A Grain Storehouse in Trastevere, and What It Tells You About Roman Dining
Trastevere has always operated on a different register from the centro storico. The neighbourhood draws a mix of long-term residents, students, and visitors who prefer stone-paved alleys over tourist-facing piazzas, and its restaurant culture reflects that: fewer theatrics, more weight on what arrives at the table. Via Garibaldi runs along the upper edge of the quarter, and the building at number 18 carries a history that goes back to the days when the adjacent land belonged to the Papal State. The structure served as a grain storehouse, and the bones of that past, thick walls, a sense of contained volume, show through in the room today. Large paintings by contemporary artists hang against those walls, and a small lounge with a fireplace near the entrance offers a transition between street and dining room that few Trastevere addresses can match.
Antica Pesa holds a Michelin Plate for 2024, a designation that signals consistent quality without the tasting-menu formalism of Rome's starred circuit. La Pergola, Il Pagliaccio, and Enoteca La Torre operate at three and two stars respectively, with price points and formats that place them in a separate tier. Antica Pesa sits closer to the mid-range bracket, priced at €€ for a typical two-course dinner, which positions it alongside the neighbourhood trattoria tradition while delivering a level of ingredient sourcing and kitchen execution that lifts it above the category average.
The Roman Canon, Interpreted Through Selected Sourcing
Roman cuisine is one of Italy's most codified traditions. The repertoire, cacio e pepe, carbonara, coda alla vaccinara, abbacchio, is widely understood and frequently imitated, but the distance between a serviceable version and a well-executed one comes down almost entirely to ingredient quality and technique discipline. The editorial angle at Antica Pesa is the intersection of those two things: a kitchen that takes the inherited recipes seriously and backs them with carefully selected produce rather than reaching for fusion or modernist elaboration.
This is a meaningful choice in Rome's current restaurant moment. The city has a cluster of addresses, including Armando al Pantheon and Da Danilo, that hold to the Roman canon with similar conviction, and their collective standing has helped define what serious traditional Roman cooking looks like for a new generation of diners. Checchino Dal 1887 in Testaccio represents the longer historical arc of that tradition, particularly in its handling of the fifth quarter. Da Tullio and CiPASSO offer further reference points across different price positions in the same tradition. Within that peer set, Antica Pesa's Trastevere location, its historic room, and its Michelin recognition give it a distinct profile without requiring it to depart from the canon that defines the category.
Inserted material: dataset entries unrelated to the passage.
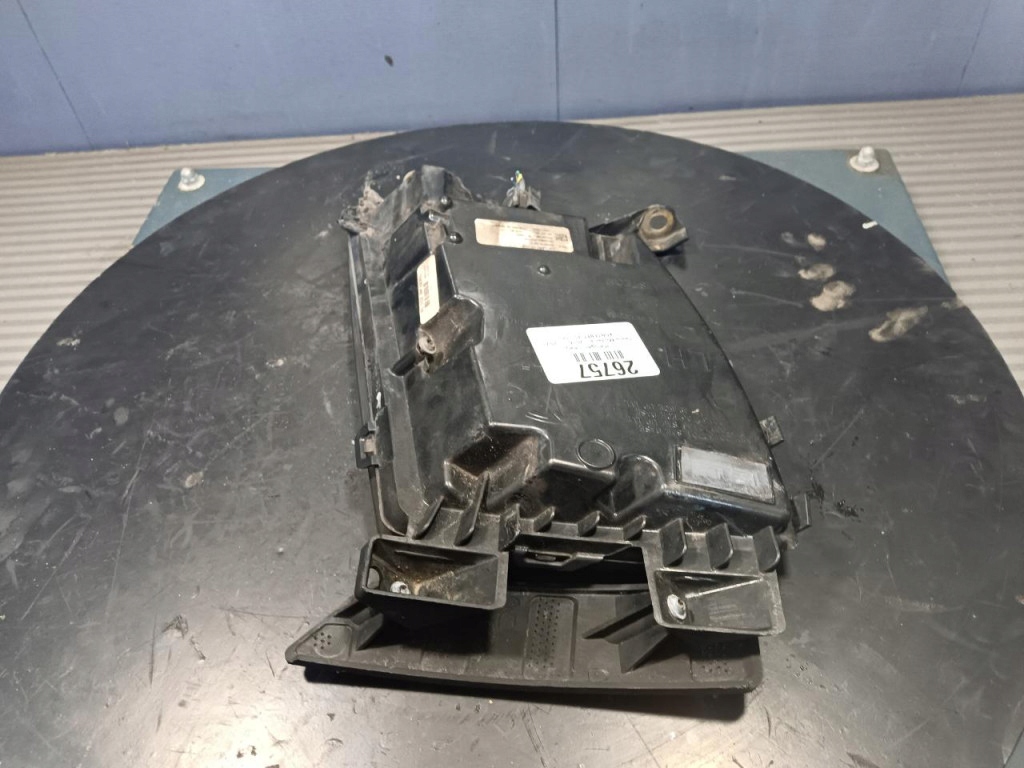 фото №7, Tesla model s противотуманная фара левый 00140148-18-0000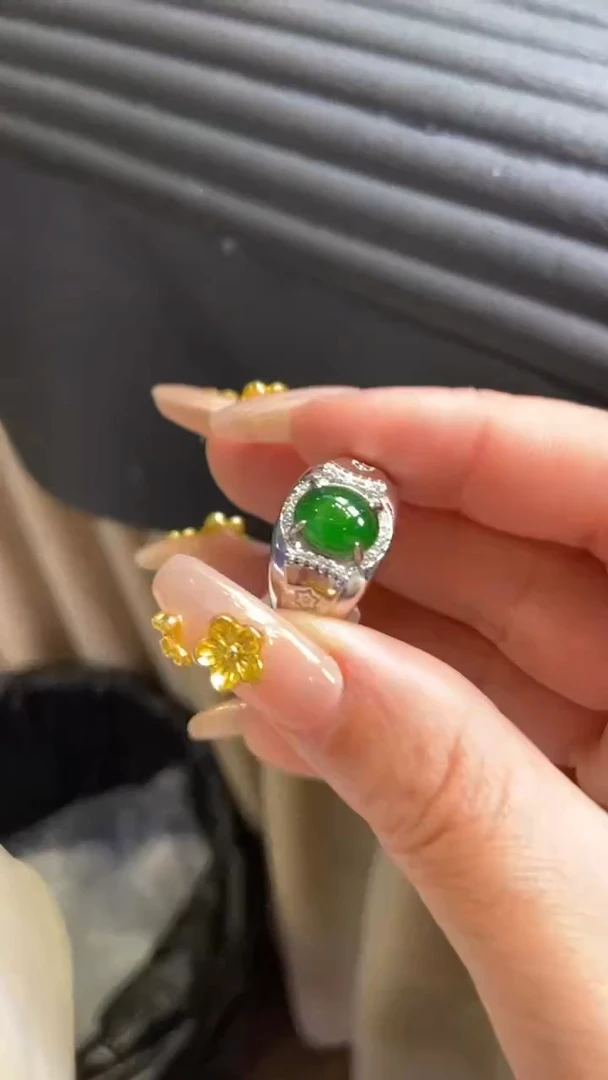【闪购商品】翡翠颈饰未镶嵌      *110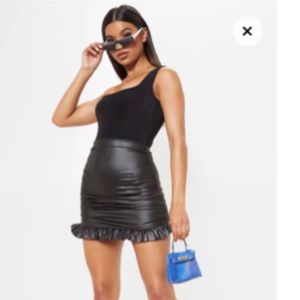 NWT PrettyLittleThings Black Wet Look Ruched Side Frill Hem Mini Skirt Size 12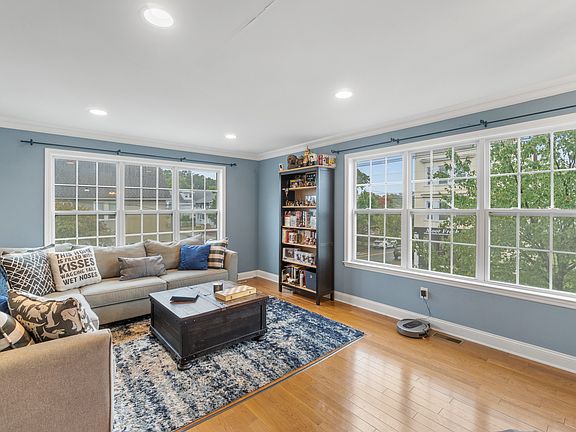 2nd image of 166 Garden Ave #1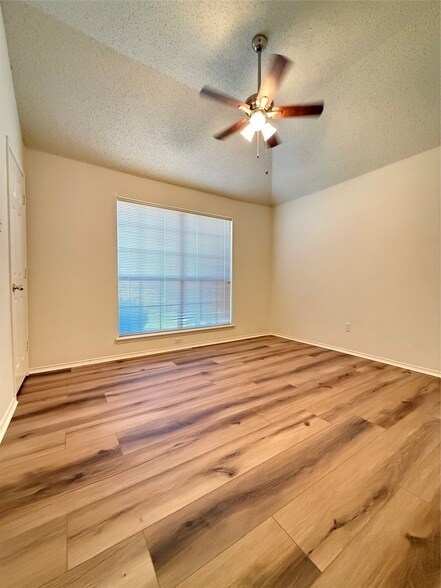 Building Photo - 7213 Randall Way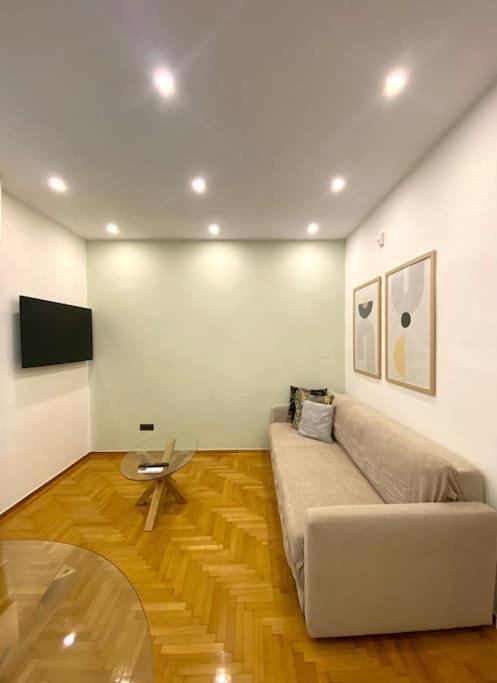 Mary's Haven Apt near metro station and Acropolis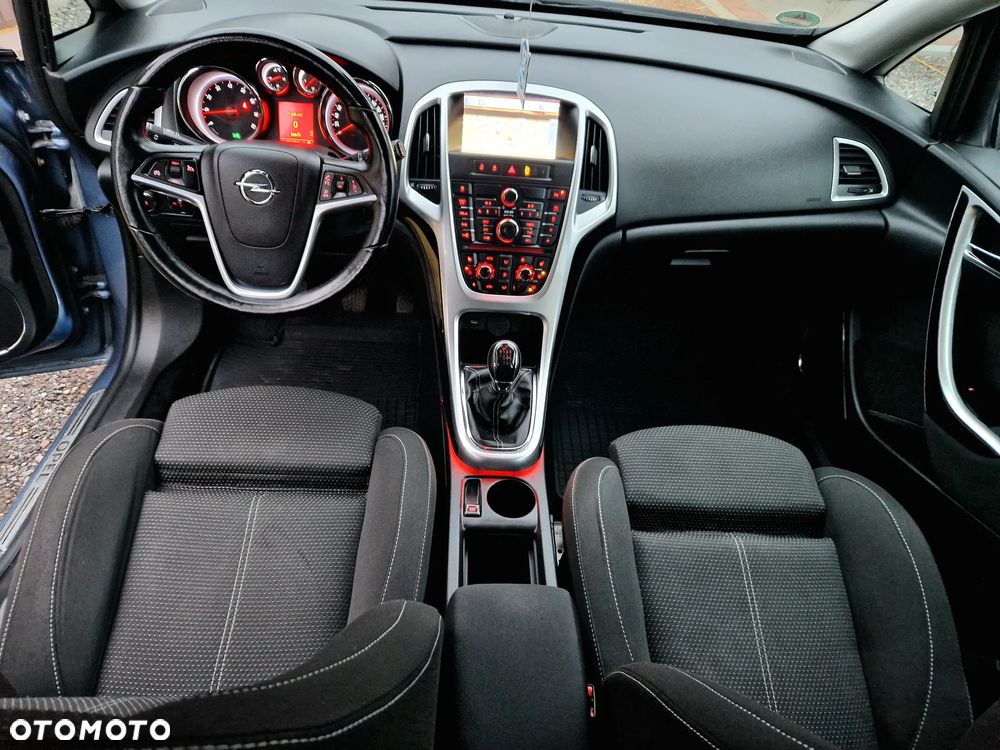 Opel Astra 1.4 Turbo Innovation - 11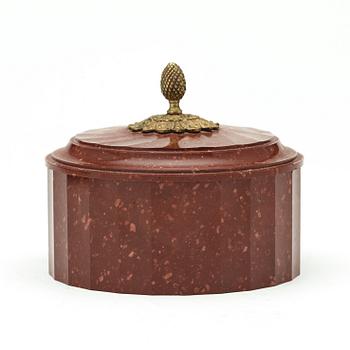 A SWEDISH EMPIRE 19TH CENTURY PORPHYRY BUTTER BOX.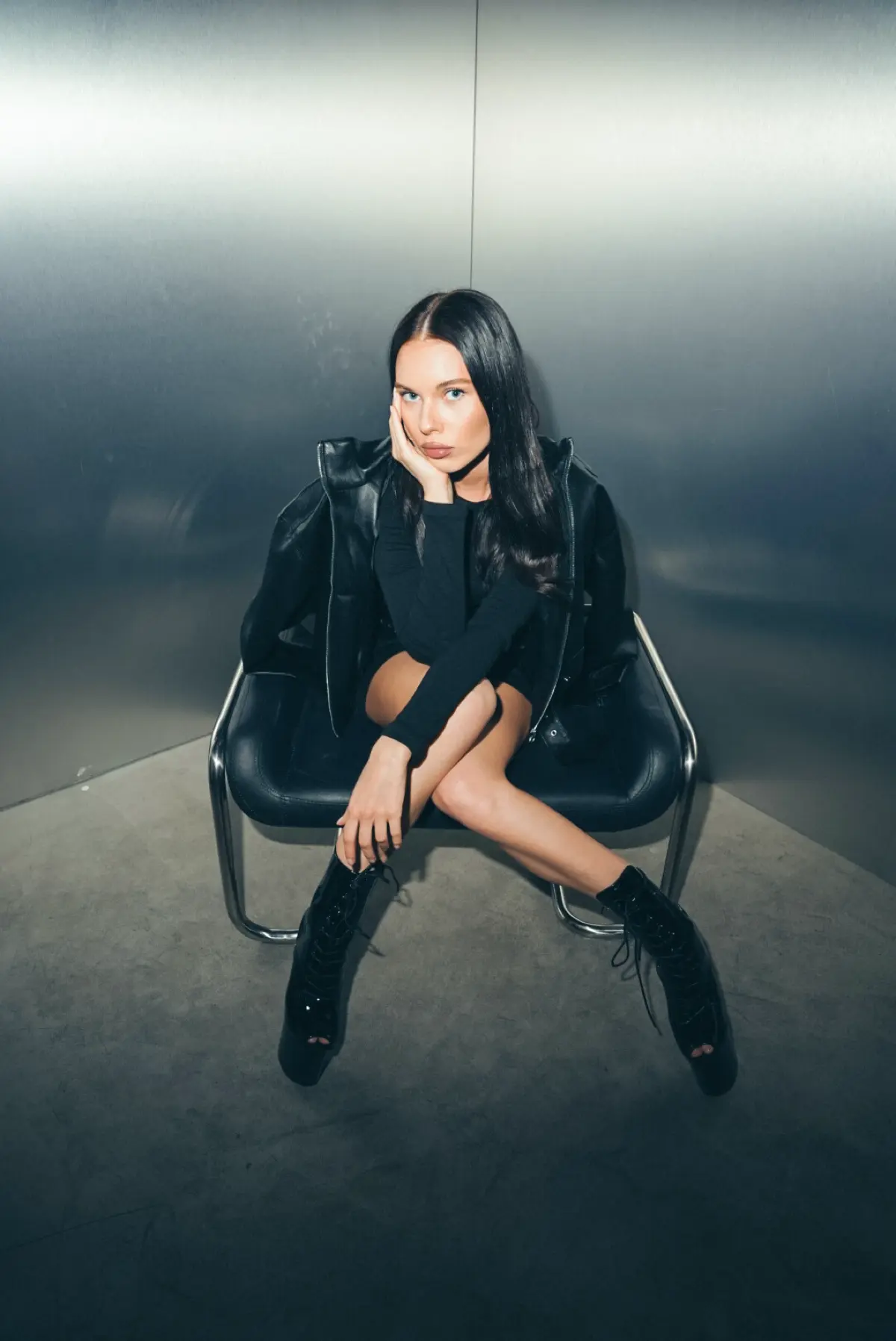Съемка для бренда High heels.
Было принято решение сделать сьемку в двух локациях, показав силу, сдержанность и привлекательность женщины. | Сетка — социальная сеть от hh.ru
The kitchen is led by Chef Simone Panella, who also holds an ownership stake alongside Francesco Panella and Lorenzo Panella, with Lorenzo serving as General Manager. That family structure is common among Rome's more durable trattorie and osterie, and it tends to produce a consistency of vision that hired-chef operations sometimes lack. The culinary lineage stays internal, which means the sourcing relationships, the seasonal rhythm, and the menu emphasis are decisions made by the people who have the most invested in the outcome.
The Wine Program: Italy-Weighted, Tuscany-Forward
Wine Director Riccardo DiMauro oversees a list of 240 selections drawn from an inventory of 800 bottles. The list is priced at the $$$ tier based on markup and high-price-point signals, meaning it carries meaningful depth at the upper end, with a significant number of bottles above the €100 threshold. The geographic emphasis falls on Italy, with Tuscany as the primary focus. For a Roman kitchen, that Tuscan lean is a considered editorial choice: Sangiovese-based wines from Chianti Classico, Brunello, and Morellino di Scansano carry enough acidity and structure to track with the fat-forward, offal-inflected dishes that define the Roman repertoire.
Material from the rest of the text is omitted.